To enter a password for the data source on the command line, use the -P option in the connection string.
To specify a file where the password is stored, use the --password-file option.

Password on command line:

sqoop import --connect jdbc:mysql://db.foo.com:3306/bar \
<data to import> \
--username <username> \
-P

Specify password file:

sqoop import --connect jdbc:mysql://db.foo.com:3306/bar \
--table EMPLOYEES \
--username <username> \
--password-file ${user.home}/.password

	Note
	Sqoop is tested to work with Connector/J 5.1. If you have upgraded to Connector/J 8.0, and want to use the `zeroDateTimeBehavior` property to handle values of '0000-00-00\' in DATE columns, explicitly specify `zeroDateTimeBehavior=CONVERT_TO_NULL` in the connection string.
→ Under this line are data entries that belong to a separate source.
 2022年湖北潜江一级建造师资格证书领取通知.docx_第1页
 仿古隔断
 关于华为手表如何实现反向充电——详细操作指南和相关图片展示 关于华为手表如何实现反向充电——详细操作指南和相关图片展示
For example, `jdbc:mysql://<MySQL host>/<DB>?zeroDateTimeBehavior=CONVERT_TO_NULL`

Specify the data to import in the command.

Import an entire table.
Import a subset of the columns.
Import data using a free-form query.

Entire table:

sqoop import \
--connect jdbc:mysql://db.foo.com:3306/bar \
--table EMPLOYEES

Subset of columns:

sqoop import 
--connect jdbc:mysql://db.foo.com:3306/bar \
--table EMPLOYEES \
--columns "employee_id,first_name,last_name,job_title"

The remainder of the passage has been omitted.